- The task
The reply needs the lines from the one containing "Identity authentication method, payment" through the end of the material, each repeated exactly, and no pictures.

== Segment start ==

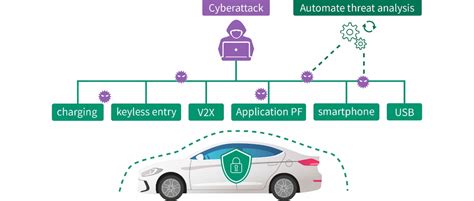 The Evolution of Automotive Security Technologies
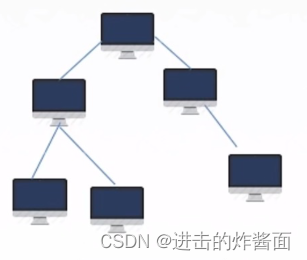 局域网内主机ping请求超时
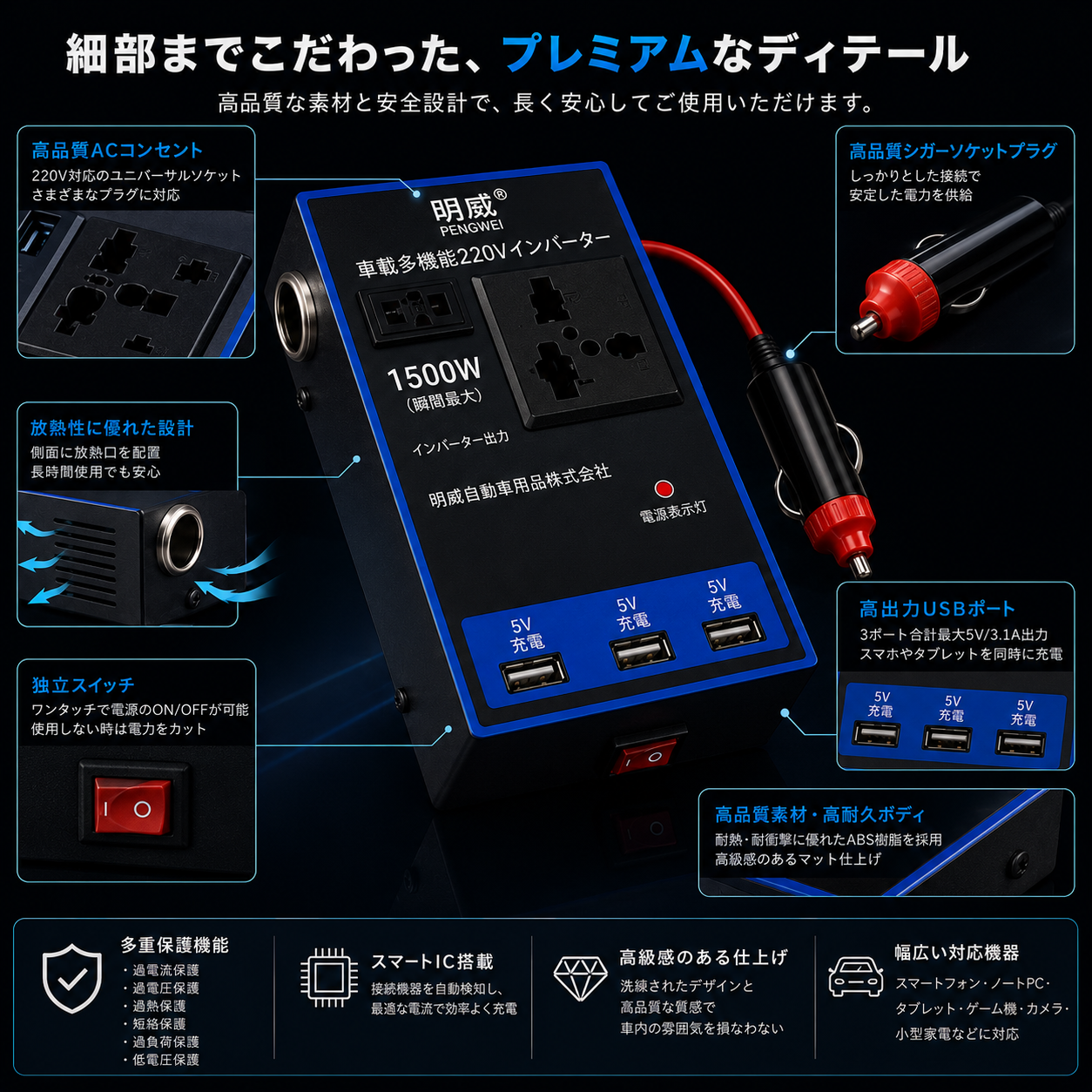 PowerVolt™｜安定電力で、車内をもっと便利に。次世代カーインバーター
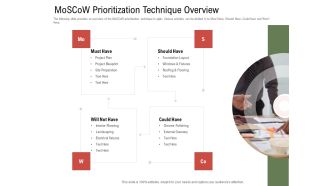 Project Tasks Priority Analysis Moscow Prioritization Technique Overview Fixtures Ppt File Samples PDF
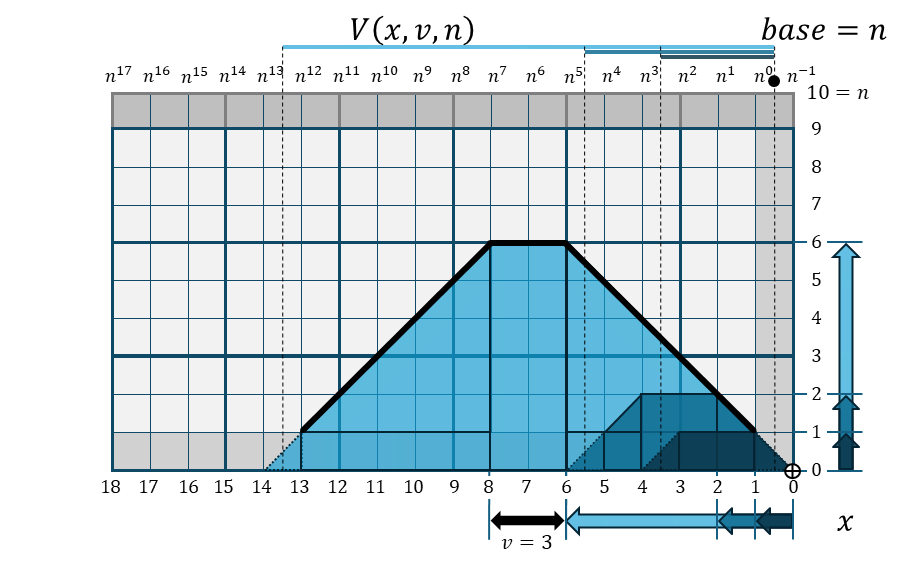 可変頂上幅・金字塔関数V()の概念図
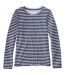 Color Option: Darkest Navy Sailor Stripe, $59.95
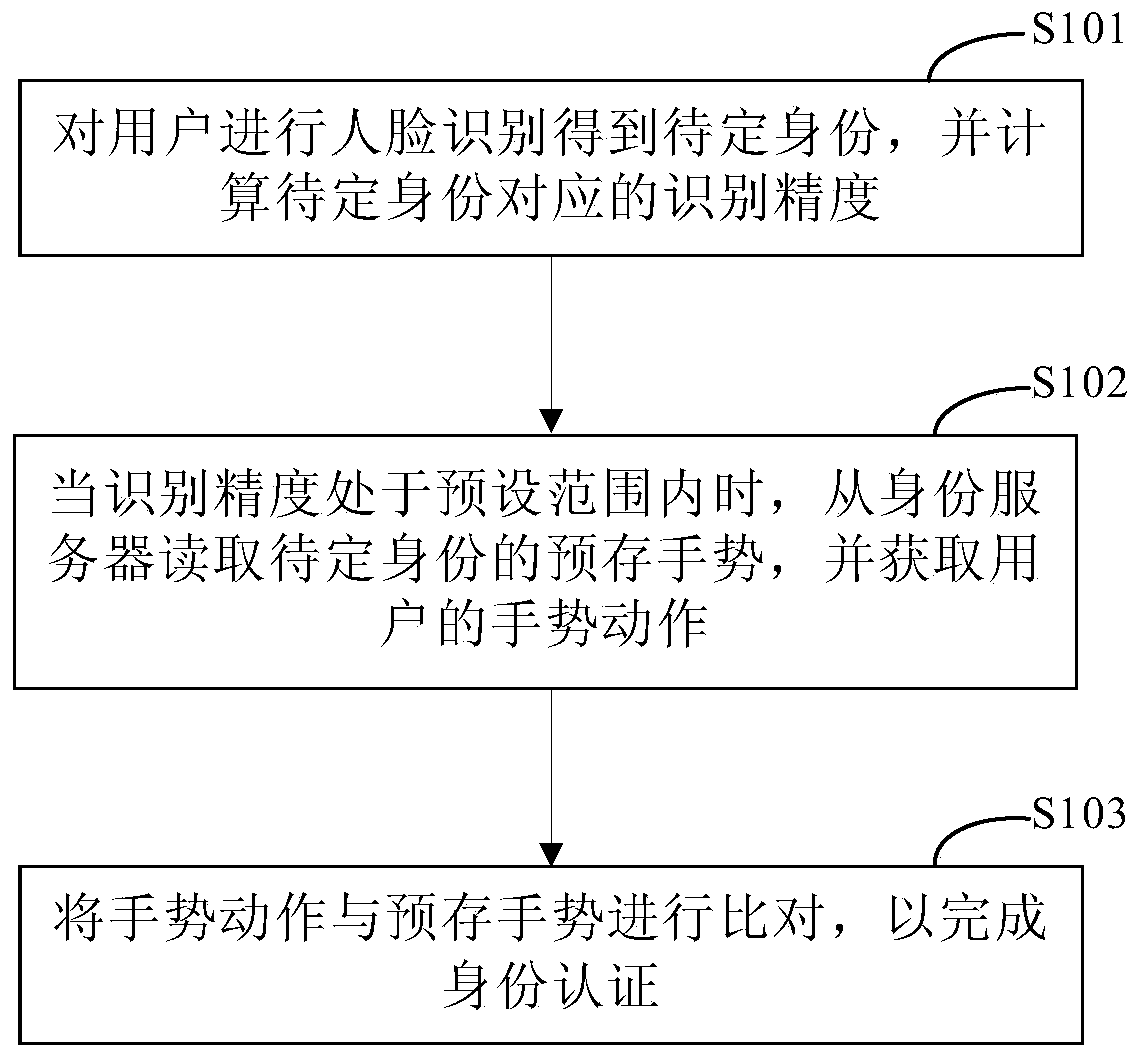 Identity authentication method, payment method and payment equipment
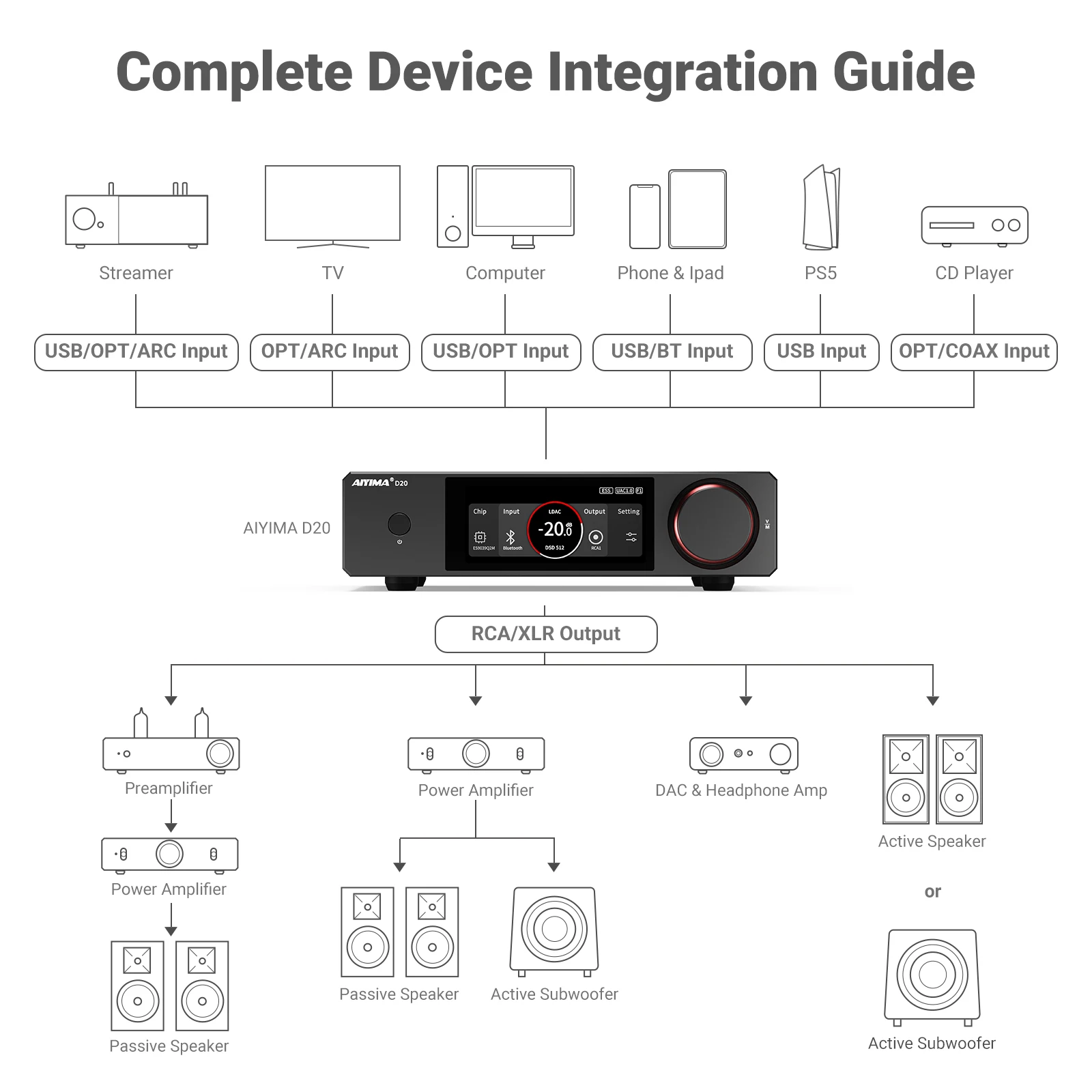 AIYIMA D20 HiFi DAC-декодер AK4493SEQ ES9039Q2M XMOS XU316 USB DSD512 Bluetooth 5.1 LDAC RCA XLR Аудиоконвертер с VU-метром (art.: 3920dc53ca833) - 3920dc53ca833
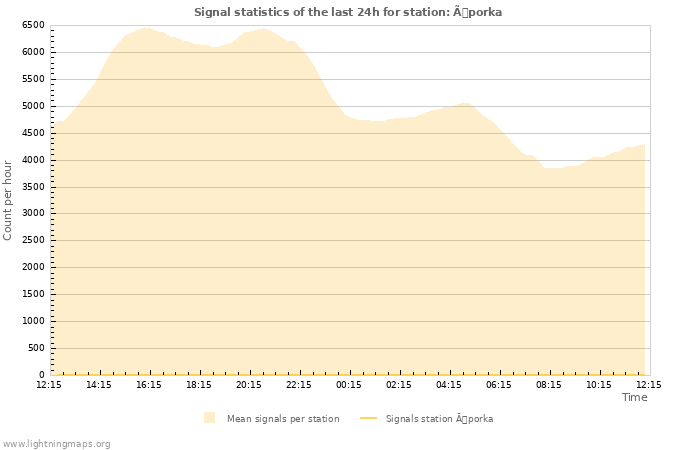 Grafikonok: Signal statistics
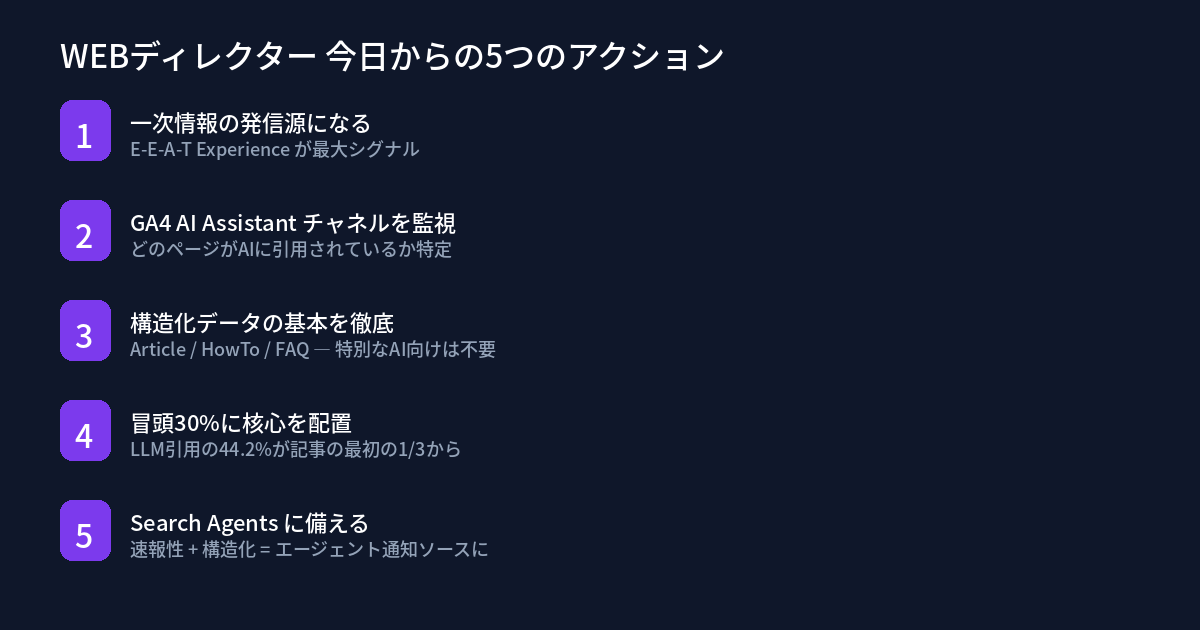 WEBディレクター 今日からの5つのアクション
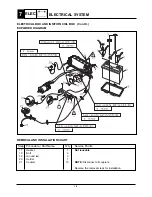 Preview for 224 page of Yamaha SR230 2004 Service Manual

== Segment end ==

- Answer to the exercise
 Identity authentication method, payment method and payment equipment
 AIYIMA D20 HiFi DAC-декодер AK4493SEQ ES9039Q2M XMOS XU316 USB DSD512 Bluetooth 5.1 LDAC RCA XLR Аудиоконвертер с VU-метром (art.: 3920dc53ca833) - 3920dc53ca833
 Grafikonok: Signal statistics
 WEBディレクター 今日からの5つのアクション
 Preview for 224 page of Yamaha SR230 2004 Service Manual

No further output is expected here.